For this challenge, I am choosing to focus on the demographics of guests and the types of stays they are most interested in given things like family structure, location, and customer type (repeat vs not).
```{r}
#| label: summary
summary (hoteldata)
dim(hoteldata)
```
```{r}
#| label: summary2
select(hoteldata, "stays_in_weekend_nights", "stays_in_week_nights", "adults", "children", "babies", "country", "total_of_special_requests")
hotelcut <- select(hoteldata, "stays_in_weekend_nights", "stays_in_week_nights", "adults", "children", "babies", "country", "total_of_special_requests")
```
```{r}
#| label: summary3
summary(hotelcut)
```
## Provide Grouped Summary Statistics
Above, I made a smaller version of my dataset using only some of the columns that apply to the demographics of customers, their country, and their length of stay.
Below, I filtered by stays with two adults and more than one child in country PRT to see only the data from Portugal.
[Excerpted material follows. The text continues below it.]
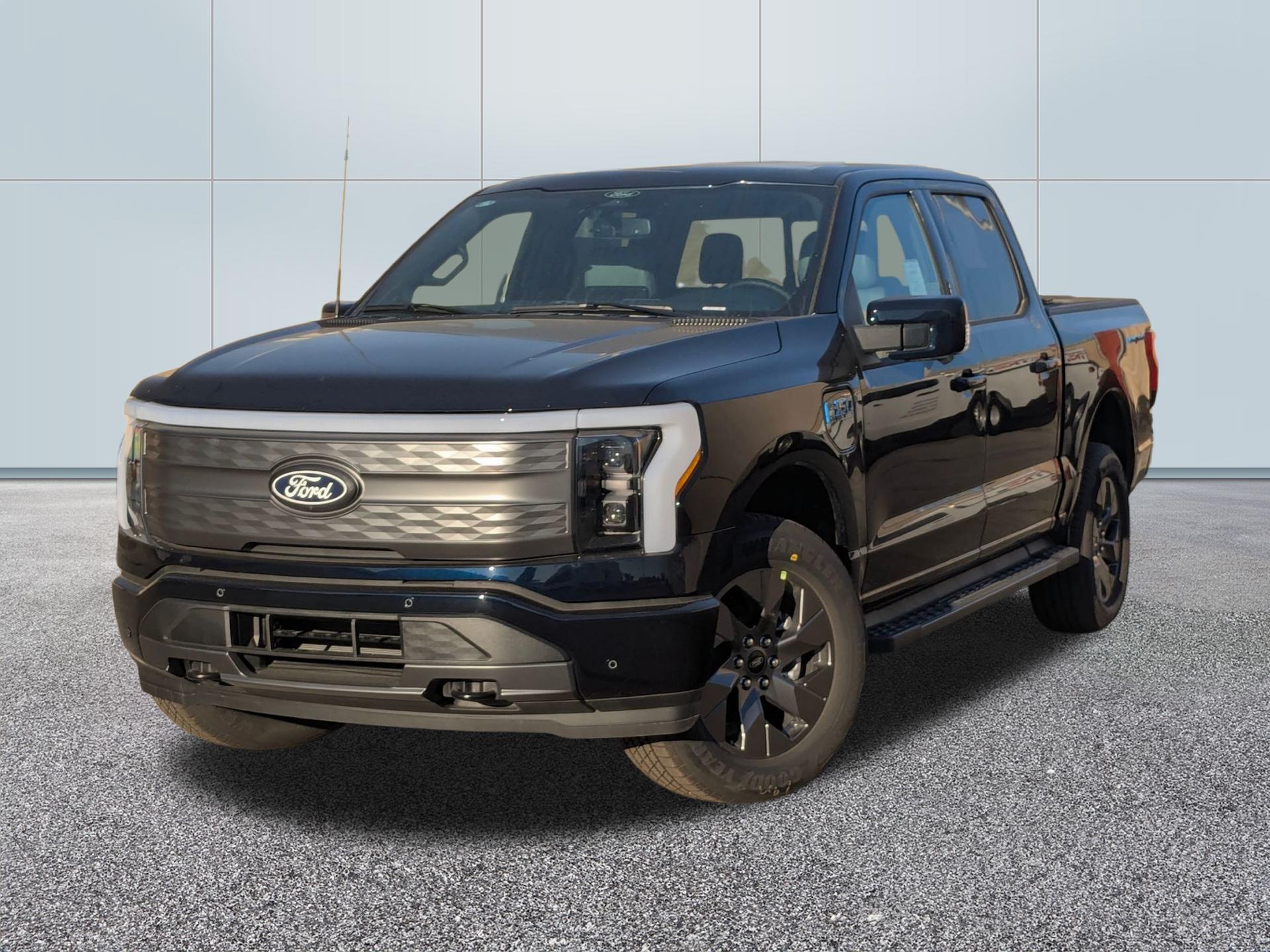 New 2025 Ford F-150 Lightning LARIAT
I descended this data by the total number of special requests. I can see that the maximum number of special requests from families with 2 adults and at least one child was five.
I also sliced the data for the top 10 most special request rows and can now easily see that 9 out of the 10 rows correspond with a stay 3 nights or longer, drawing the conclusion that the longer the stay the more likely families may be to submit special requests.
```{r}
#| label: summary4
filter(hotelcut, `adults` == 2 & `children` >= 1 & `country`== "PRT" & `stays_in_weekend_nights` >= 1) %>%
arrange(desc(`total_of_special_requests`)) %>%
slice(1:10)
```
```{r}
#| label: summary5
filter(hotelcut, `babies` >= 2 & `country`== "PRT") %>%
arrange(desc(`stays_in_weekend_nights`)) %>%
slice(1:10)
```
```{r}
#| label: summary6
filter(hotelcut, `babies` >= 2 & `country`== "PRT") %>%
summary()
```
### Explain and Interpret
Above I switched my filtering to show that customers with two or more babies stayed up to eight days max. Customers with two or more babies stayed an average of 1-2 weekend nights, and 2-3 weeknights.